West Yorklyn Station

When Mother Nature Gets Cranky

In the wee hours of Saturday, June 28, the towering Linden tree by West Yorklyn Station came down onto the station and museum.

The little building boasts quite the history, having been a playhouse and then home to two different men during the 1930s before being adapted into a station for the Auburn Valley Railroad when it debuted in 1960. In recent years the station provided much-needed storage for the little railroad and had just undergone a complete makeover, with refreshed facia, paint and landscaping — just in time to show off its new appearance at the July Steamin’ Day until Mother Nature intervened.

We managed to salvage the walls and windows from the little station (erected as Tom Marshall’s playhouse in the 1930s). Miraculously, only one windowpane was broken, though the north wall and roof were badly crushed. Rest assured, the little station shall rise again! To learn more about its illustrious history, see below, including a link to donate toward its restoration. 

 

History of West Yorklyn Station (as told by Tom Marshall in the Weekly News, February 14, 2011)

The prefabricated “camping out” house, sold by a Minnesota company for $98 in the early 1930s (we have the original catalog) was advertised as being highly preferable to a tent. Ours was ordered by my father and erected, turned 180 degrees from its present orientation, as a playhouse for me and my friends. It was equipped with screens on the windows, a folding table, and benches that hinged to the wall. There was room for two or three small cots. Although I can remember the many fun times my friends and I had “playing house” and several meals eaten there, I can recall only one overnight stay. The Mancill twins and I looked forward to this, away from the care of our parents. We were making out well until my dad showed up about 8:30, concerned that we shouldn’t be there alone all night. I don’t know how we all fit, but he moved in, and four of us slept there until morning.

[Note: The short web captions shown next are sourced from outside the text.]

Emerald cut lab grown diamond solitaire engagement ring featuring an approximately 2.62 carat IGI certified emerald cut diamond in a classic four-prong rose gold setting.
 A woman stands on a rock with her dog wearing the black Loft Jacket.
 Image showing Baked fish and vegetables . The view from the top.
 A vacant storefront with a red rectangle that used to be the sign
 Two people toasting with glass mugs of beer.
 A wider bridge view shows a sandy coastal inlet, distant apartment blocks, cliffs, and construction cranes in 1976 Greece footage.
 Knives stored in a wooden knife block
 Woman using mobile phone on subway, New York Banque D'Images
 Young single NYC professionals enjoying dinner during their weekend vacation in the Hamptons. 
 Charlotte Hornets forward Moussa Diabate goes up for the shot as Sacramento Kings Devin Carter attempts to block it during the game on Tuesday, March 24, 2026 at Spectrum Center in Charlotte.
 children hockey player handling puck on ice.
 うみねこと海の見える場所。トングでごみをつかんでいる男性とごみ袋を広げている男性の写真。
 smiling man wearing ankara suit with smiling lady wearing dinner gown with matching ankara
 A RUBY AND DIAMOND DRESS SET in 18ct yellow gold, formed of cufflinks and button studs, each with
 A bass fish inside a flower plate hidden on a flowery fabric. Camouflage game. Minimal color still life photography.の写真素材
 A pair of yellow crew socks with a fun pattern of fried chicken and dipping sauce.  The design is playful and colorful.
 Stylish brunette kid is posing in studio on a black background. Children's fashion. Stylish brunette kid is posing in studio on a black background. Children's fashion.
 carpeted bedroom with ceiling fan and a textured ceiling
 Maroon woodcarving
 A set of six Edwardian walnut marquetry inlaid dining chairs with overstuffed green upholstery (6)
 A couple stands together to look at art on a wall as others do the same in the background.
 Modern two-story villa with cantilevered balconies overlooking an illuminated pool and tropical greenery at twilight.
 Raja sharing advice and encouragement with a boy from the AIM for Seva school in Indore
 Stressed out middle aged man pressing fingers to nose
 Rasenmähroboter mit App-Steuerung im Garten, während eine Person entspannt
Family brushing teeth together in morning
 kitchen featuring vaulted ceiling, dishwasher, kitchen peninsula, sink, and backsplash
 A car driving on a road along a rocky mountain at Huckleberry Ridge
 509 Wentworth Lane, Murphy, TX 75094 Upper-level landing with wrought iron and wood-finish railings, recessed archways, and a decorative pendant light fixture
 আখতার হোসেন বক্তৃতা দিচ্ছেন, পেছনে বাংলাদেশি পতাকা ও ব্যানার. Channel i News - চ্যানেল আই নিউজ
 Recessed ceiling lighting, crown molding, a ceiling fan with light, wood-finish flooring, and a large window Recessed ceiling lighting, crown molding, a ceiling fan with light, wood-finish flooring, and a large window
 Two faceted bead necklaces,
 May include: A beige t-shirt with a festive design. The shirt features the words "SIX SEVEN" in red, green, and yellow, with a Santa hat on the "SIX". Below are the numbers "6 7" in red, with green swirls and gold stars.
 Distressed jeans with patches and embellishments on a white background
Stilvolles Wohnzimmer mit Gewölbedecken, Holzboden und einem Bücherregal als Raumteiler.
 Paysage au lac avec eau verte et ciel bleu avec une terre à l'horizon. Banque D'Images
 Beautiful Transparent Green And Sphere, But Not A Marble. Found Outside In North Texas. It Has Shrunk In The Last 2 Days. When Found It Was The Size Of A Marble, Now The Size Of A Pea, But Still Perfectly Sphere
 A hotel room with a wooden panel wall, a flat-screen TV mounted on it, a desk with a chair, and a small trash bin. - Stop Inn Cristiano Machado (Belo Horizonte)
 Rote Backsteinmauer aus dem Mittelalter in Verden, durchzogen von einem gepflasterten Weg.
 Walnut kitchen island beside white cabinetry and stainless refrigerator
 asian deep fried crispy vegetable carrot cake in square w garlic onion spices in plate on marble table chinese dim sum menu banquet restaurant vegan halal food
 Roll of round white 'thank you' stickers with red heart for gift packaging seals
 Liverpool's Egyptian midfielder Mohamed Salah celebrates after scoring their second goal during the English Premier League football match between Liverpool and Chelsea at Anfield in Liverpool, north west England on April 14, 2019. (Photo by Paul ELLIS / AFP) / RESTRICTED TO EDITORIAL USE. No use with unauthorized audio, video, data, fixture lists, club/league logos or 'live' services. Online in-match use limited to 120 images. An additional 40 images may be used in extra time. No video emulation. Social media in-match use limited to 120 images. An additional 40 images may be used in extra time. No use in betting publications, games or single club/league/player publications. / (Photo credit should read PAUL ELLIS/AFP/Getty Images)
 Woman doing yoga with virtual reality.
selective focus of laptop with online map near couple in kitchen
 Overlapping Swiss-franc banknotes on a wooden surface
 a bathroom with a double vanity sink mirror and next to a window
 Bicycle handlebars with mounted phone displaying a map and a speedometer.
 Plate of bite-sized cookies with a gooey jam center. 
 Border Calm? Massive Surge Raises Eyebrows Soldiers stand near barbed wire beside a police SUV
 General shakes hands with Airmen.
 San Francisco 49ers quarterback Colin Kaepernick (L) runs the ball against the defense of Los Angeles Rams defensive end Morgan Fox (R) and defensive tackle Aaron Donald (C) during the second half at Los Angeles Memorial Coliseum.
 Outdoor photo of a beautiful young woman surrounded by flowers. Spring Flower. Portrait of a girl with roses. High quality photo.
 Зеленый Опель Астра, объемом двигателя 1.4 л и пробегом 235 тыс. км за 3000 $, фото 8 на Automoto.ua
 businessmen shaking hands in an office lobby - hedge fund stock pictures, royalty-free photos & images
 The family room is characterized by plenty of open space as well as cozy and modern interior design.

About two years later, a hired man named Bill Tate worked at Auburn Heights through one winter and spring. The little house was insulated with newspaper stuffed in the cracks, and Bill lived there with a small electric heater and an electric hot plate (stovetop). He walked to the garage for his bathroom, with a makeshift shower being installed in a back corner. The little house soon took on the aroma of Bill’s pipe, but the arrangement seemed to work out well. By late spring, however, Bill’s employment was terminated. I hated to see him go; 10-year-olds didn’t understand such things.

The next tenant was William H. Whorl. Bill was an orphan from upstate New York who, at age 22, came to Delaware seeking work. He, too, was hired as an outside man to assist “Cliffey” (Clifford Murray) and lived in the boardinghouse near the Yorklyn bridge. Bill fit in well wherever he was and got along fine with the bachelors living there, most of whom worked for the snuff mills. When the boardinghouse was torn down in 1937, Bill moved into the tiny playhouse. He lived there over a year and, on his meager wages, bought an Indian Motorcycle. As the mills got busier leading up to World War II, Bill went to work for National Fibre, where the pay was considerably better, and he married about 1940. He was in the service during World War II, and we corresponded when both of us were far from home. Following the war, my mother encouraged Bill to start a small nursery and lawn care business, as she had recognized his abilities along those lines. He was just getting started when he was killed in an automobile accident at the age of 33.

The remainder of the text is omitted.